Fig. 6. Design of a pattern recognition system.

Fig. 7. Different faces of the same person, or different persons? a. Faces belonging to two different people. b. Multiple faces of the same person.

5. Pattern recognition applications

Pattern recognition is used in any area of science and engineering that studies the structure of observations. It is now frequently used in many applications in manufacturing industry, healthcare, and the military. Examples include the following.

Optical character recognition (OCR) is becoming an integral part of document scanners, and is also used frequently in banking and postal applications.
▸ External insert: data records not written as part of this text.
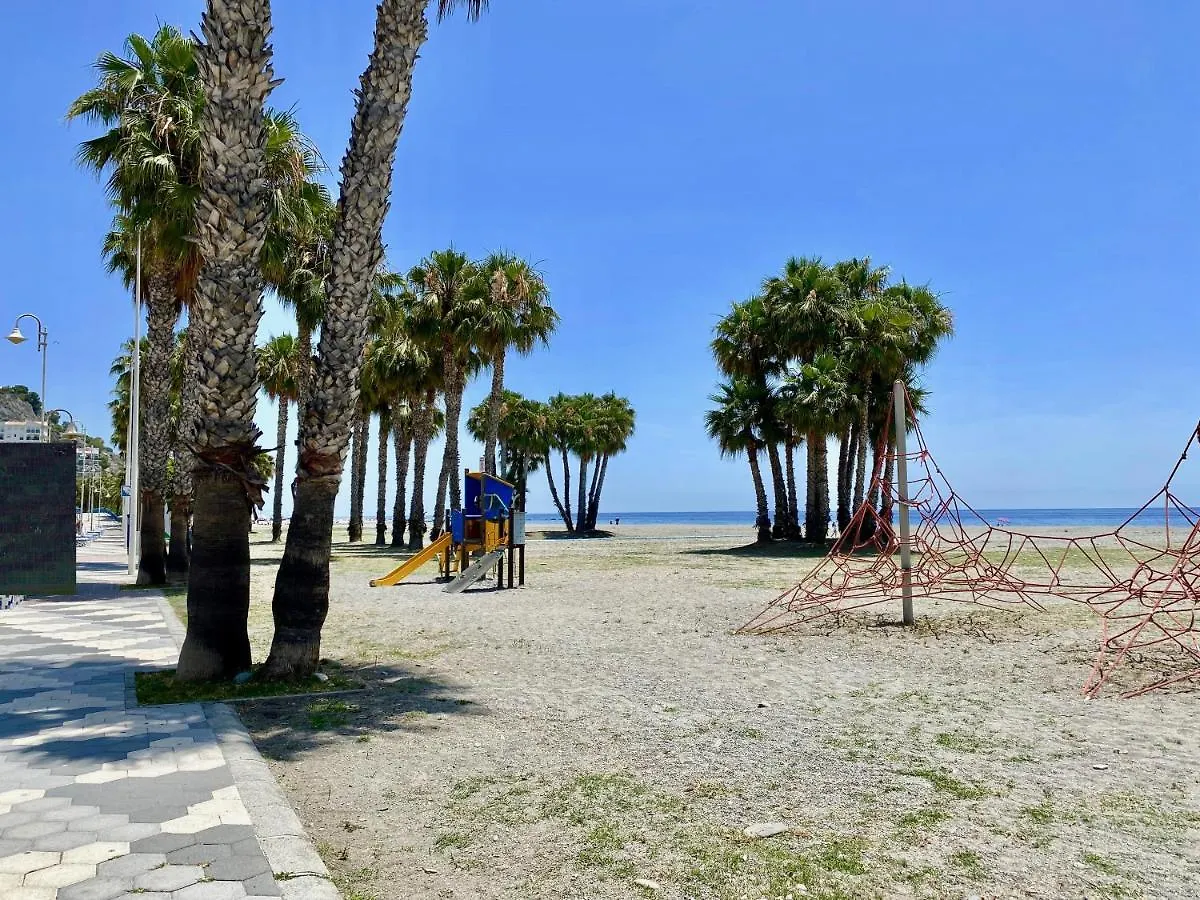 Holiday home Precioso Chalet En Almunecar Junto Al Mar Con Garage Privado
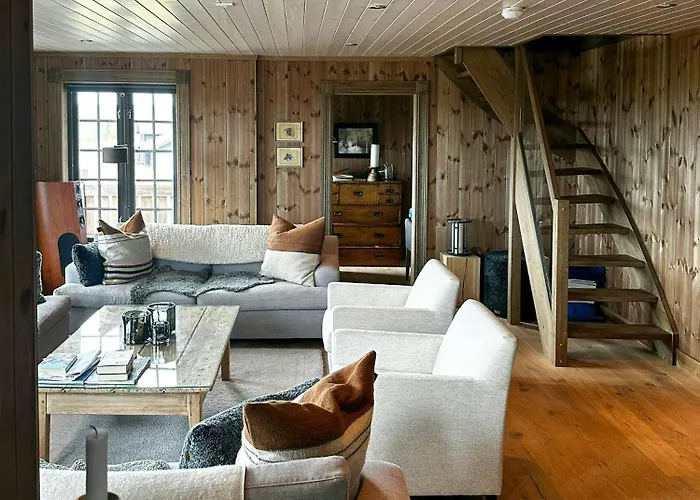 Log With Views Of Jotunheimen *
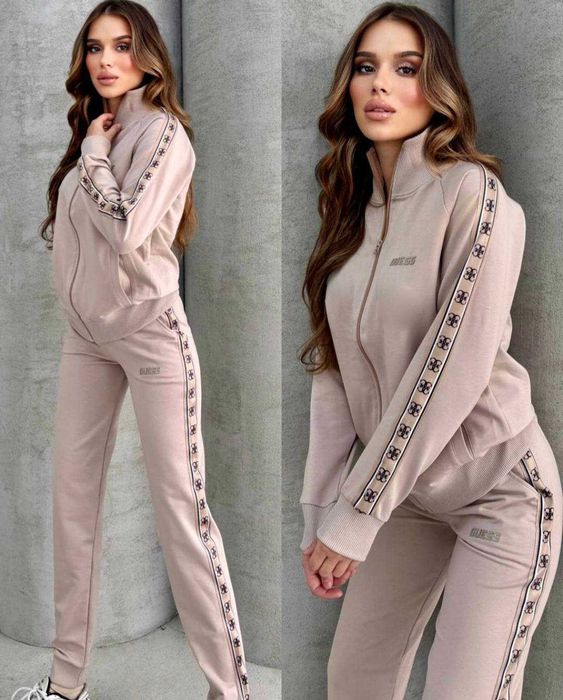 дамски спортни екипи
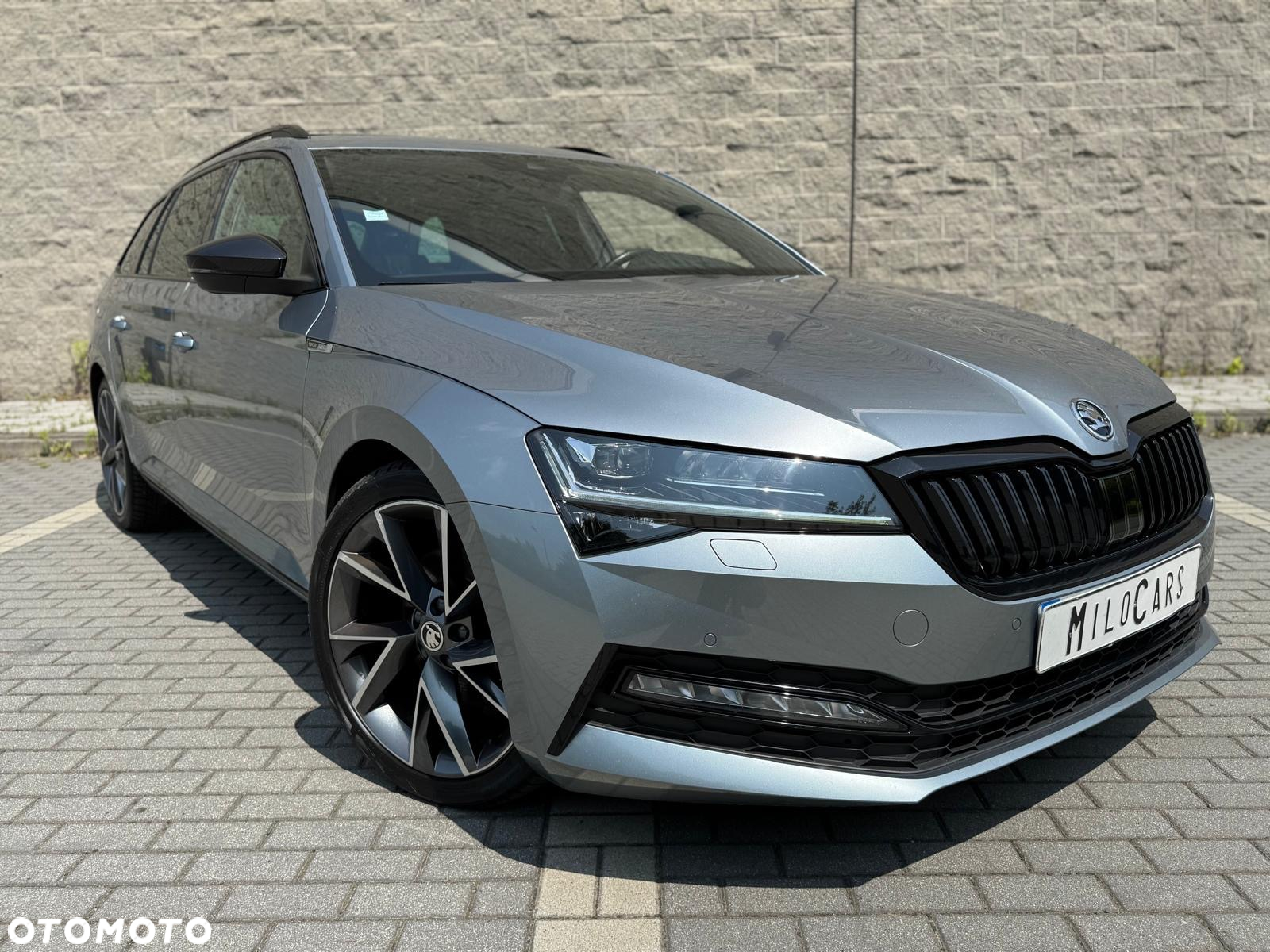 Skoda Superb 2.0 TDI DSG Sportline - 13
Printed characters can now be accurately recognized, and the improving performance of automatic recognition of handwritten cursive characters has diminished significantly the need of human interaction for OCR tasks.

Automatic speech recognition is very important for user interaction with machines. Commercial systems for automatic response to flight queries, telephone directory assistance, and telebanking are available. Often the systems are tuned to a specific speaker for better recognition accuracy.
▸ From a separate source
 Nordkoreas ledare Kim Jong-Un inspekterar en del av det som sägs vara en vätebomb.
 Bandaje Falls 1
Computer vision deals with the recognition of objects as well as the identification and localization of their three-dimensional environments. This capability is required, for example, by robots to operate in dynamic or unknown environments. This can be useful for applications ranging from manufacturing to household cleaning, and even for rescue missions.

Personal identification systems that use biometrics are very important for security applications in airports, ATMs, shops, hotels, and secure computer access. Recognition can be based on face, fingerprint, iris, or voice, and can be combined with the automatic verification of signatures and PIN codes.

Recognition of objects on earth from the sky (by satellites) or from the air (by aeroplanes and cruise missiles) is called remote sensing. It is important for cartography, agricultural inspection, detection of minerals and pollution, and target recognition.

Many tests for medical diagnosis utilize pattern recognition systems, from counting blood cells and recognition of cell tissues through microscopes to the detection of tumours in magnetic resonance scans and the inspection of bones and joints in X-ray images.

Many large databases are stored on the repositories accessible via the internet or otherwise in local computers. They may have a clear structure such as bank accounts, a weak structure such as consumer behaviour, or no obvious structure such as a collection of images. Procedures for finding desired items (database retrieval) as well as learning or discovering structures in databases (data mining) are becoming more and more important. Web search engines and recommender systems are two example applications.

(Published 2004)

— Anil K. Jain/Robert P. W. Duin

Bibliography

Bishop, C. M. (1995). Neural Networks for Pattern Recognition.
Duda, R. O., Hart, P. E., and Stork, D. G. (2001). Pattern Classification and Scene Analysis (2nd edn.).
Fu, K. S. (1983). 'A step towards unification of syntactic and statistical pattern recognition'. IEEE Transactions on Pattern Analysis and Machine Intelligence, 5/2.
Jain, A. K., Duin, R. P. W., and Mao, J. (2000). 'Statistical pattern recognition: a review'. IEEE Transactions on Pattern Analysis and Machine Intelligence, 22/1.
Perlovsky, L. I. (1998). 'Conundrum of combinatorial complexity'. IEEE Transactions on Pattern Analysis and Machine Intelligence, 20/6.
Picard, R. (1997). Affective Computing.
Ripley, B. (1996). Pattern Recognition and Neural Networks.
Ross, P. E. (1998). Flash of Genius.
Watanabe, S. (1985). Pattern Recognition: Human and Mechanical.